La médiumnité, ou faculté de communiquer avec les Esprits, ne constitue pas le fonds du Spiritisme, sans cela, pour être spirite, il faudrait être médium ; ce n’est là qu’un accessoire, un moyen d’observation, et non la science qui est tout entière dans la doctrine philosophique. Le Spiritisme n’est pas plus inféodé dans les médiums que l’astronomie ne l’est dans une lunette ; et la preuve en est, c’est qu’on peut faire du Spiritisme sans médium, comme on a fait de l’astronomie longtemps avant d’avoir des télescopes. La différence consiste en ce que, dans le premier cas, on fait de la science théorique, tandis que la médiumnité est l’instrument qui permet d’asseoir la théorie sur l’expérience. Si le Spiritisme était circonscrit dans la faculté médianimique, son importance serait singulièrement amoindrie et, pour beaucoup de gens, se réduirait à des faits plus ou moins curieux.
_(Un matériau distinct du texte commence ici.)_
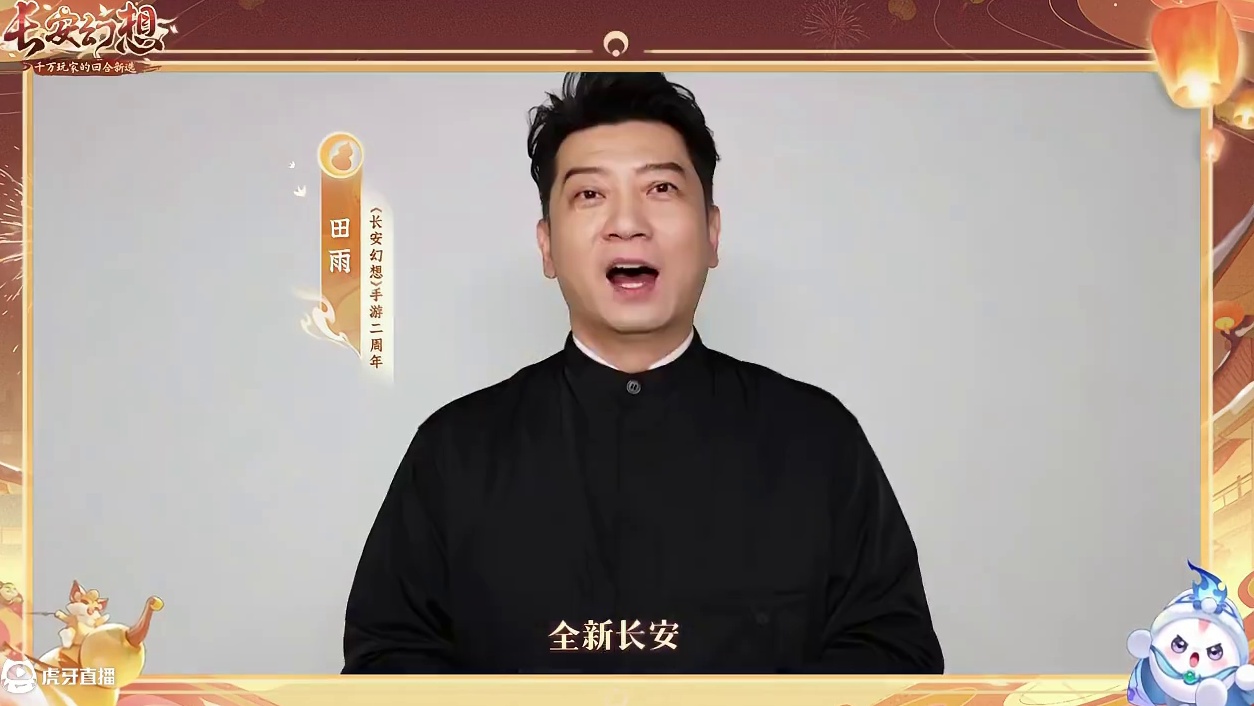 两年同行，群星共庆！长安幻想2.0热闹启航！ 宋轶、田雨、Uzi、战鹰、许绍雄祝长安二周年!
#长安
En lisant cet article, on se demande si l’auteur croit ou non au Spiritisme ; car il ne le pose, en quelque sorte, que comme une hypothèse, mais comme une hypothèse digne de la plus sérieuse attention. Si c’est une vérité, dit-il, c’est une chose sacrée par excellence, qui ne doit être traitée qu’avec respect, et dont l’exploitation ne saurait être flétrie et poursuivie avec trop de sévérité.
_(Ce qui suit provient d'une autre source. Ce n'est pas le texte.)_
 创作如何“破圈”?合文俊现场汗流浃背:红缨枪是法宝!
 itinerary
Ce n’est pas la première fois que cette idée est émise, même par les adversaires du Spiritisme, et il est à remarquer que c’est toujours le côté par lequel la critique a cru mettre la doctrine en défaut, en s’attaquant aux abus du trafic lorsqu’elle en a trouvé l’occasion ; c’est qu’elle sent que ce serait le côté vulnérable, et par lequel elle pourrait l’accuser de charlatanisme ; voilà pourquoi la malveillance s’acharne à l’accoler aux charlatans, diseurs de bonne aventure et autres industriels de même espèce, espérant par ce moyen donner le change et lui enlever le caractère de dignité et de gravité qui fait sa force. La levée de boucliers contre les Davenport, qui avaient cru pouvoir impunément mettre les Esprits en parade sur des tréteaux, a rendu un immense service ; dans son ignorance du véritable caractère du Spiritisme, la critique d’alors a cru le frapper à mort, tandis qu’elle n’a discrédité que les abus contre lesquels tous les spirites sincères ont toujours protesté.
Quelle que soit la croyance de l’auteur, et malgré les erreurs contenues dans son article, nous devons nous féliciter d’y voir la question traitée avec la gravité que comporte le sujet. La presse en a rarement entendu parler dans un sens aussi sérieux, mais il y a commencement à tout.
[1] Le Voyageur de commerce paraît tous les dimanches. - Bureaux : 3, faubourg Saint-Honoré. † Prix : 22 fr. par an ; 12 fr. pour six mois ; 6 fr. 50 pour trois mois.
De ce que le journal a publié l’article qu’on va lire, qui est l’expression de la pensée de l’auteur, nous n’en préjugeons rien sur ses sympathies pour le Spiritisme, car nous ne le connaissons que par ce numéro qu’on a bien voulu nous remettre.